- Reign: c. 981 BC
- Predecessor: Ninurta-kudurrῑ-uṣur I
- Successor: Mar-biti-apla-usur Dynasty of Elam
- House: Bῑt-Bazi Dynasty

= Shirikti-shuqamuna =

Širikti-šuqamuna, inscribed phonetically in cuneiform ^{m}ši-rik-ti-^{d}šu-qa-mu-nu and meaning “gift of (the god) Šuqamuna”, c. 981 BC, succeeded his fellow “son of Bazi,” Ninurta-kudurrῑ-uṣur I, as 3rd king of the Bῑt-Bazi or 6th Dynasty of Babylon and exercised the kingship for just 3 months, an insufficient time to merit an official regnal year.

==Biography==

He was the last monarch of the Bīt-Bazi dynasty, which had reigned for 20 years 3 months according to the King List A, and a contemporary of the Assyrian king Aššur-rabi II, c. 1012–971 BC. He was named for the Kassite god of war and of the chase, Šuqamuna, one of the two (with Šumalia) associated with the investiture of kings. The Chronicle Concerning the Reign of Šamaš-šuma-ukin, a text containing disconnected passages from writing boards, names him as a brother of Nabû-kudurrī-uṣur, which is probably an error for the Ninurta-kudurrī-uṣur whom he succeeded.
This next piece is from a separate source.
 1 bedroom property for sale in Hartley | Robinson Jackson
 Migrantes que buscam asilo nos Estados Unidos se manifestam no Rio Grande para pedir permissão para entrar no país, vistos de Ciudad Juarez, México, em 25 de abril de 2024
A person with this name (which appears nowhere else) appears as the šakin bāb ekalli, palace gate officer, and beneficiary of a land grant on a kudurru but this was during the reign of Marduk-šāpik-zēri, some eighty years and ten reigns previously.

The Dynastic Chronicle records that he was interred in a palace.